WHAT YOU WILL DO — Within the data, how many lines hold the word "Road"? Answer with nothing but the number.

Recorded data —
========================================================================

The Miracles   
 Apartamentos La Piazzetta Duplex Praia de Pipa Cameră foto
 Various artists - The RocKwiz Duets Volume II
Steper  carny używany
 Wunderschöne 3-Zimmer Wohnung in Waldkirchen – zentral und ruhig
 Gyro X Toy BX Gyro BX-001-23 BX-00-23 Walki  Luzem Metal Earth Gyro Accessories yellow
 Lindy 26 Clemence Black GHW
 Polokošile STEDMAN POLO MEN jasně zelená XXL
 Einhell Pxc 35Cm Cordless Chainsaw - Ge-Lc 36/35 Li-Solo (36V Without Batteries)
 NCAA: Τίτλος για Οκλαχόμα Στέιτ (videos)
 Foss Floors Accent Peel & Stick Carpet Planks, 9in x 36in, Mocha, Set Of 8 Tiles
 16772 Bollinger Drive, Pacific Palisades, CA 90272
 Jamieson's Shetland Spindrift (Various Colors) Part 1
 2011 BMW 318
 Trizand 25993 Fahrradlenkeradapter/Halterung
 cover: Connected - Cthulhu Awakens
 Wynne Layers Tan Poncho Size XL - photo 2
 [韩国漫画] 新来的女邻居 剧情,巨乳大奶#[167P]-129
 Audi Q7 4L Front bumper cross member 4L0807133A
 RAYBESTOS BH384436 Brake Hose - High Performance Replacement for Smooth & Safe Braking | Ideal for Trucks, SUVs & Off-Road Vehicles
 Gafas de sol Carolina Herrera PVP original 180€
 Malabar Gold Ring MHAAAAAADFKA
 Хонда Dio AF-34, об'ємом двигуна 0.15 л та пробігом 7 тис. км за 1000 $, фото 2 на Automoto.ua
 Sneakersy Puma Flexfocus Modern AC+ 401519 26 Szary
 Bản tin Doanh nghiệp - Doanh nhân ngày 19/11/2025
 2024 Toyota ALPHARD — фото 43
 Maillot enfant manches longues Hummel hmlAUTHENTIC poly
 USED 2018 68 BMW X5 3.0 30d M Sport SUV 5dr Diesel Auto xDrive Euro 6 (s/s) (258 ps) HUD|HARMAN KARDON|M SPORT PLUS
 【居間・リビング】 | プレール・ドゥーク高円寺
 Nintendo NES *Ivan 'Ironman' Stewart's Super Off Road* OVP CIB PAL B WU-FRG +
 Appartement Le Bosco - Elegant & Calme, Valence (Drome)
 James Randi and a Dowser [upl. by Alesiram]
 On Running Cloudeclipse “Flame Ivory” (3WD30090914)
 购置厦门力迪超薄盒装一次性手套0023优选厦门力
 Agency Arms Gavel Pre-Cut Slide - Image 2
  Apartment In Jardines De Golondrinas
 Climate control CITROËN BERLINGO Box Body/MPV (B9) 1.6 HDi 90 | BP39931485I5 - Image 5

========================================================================

WORKED SOLUTION — 2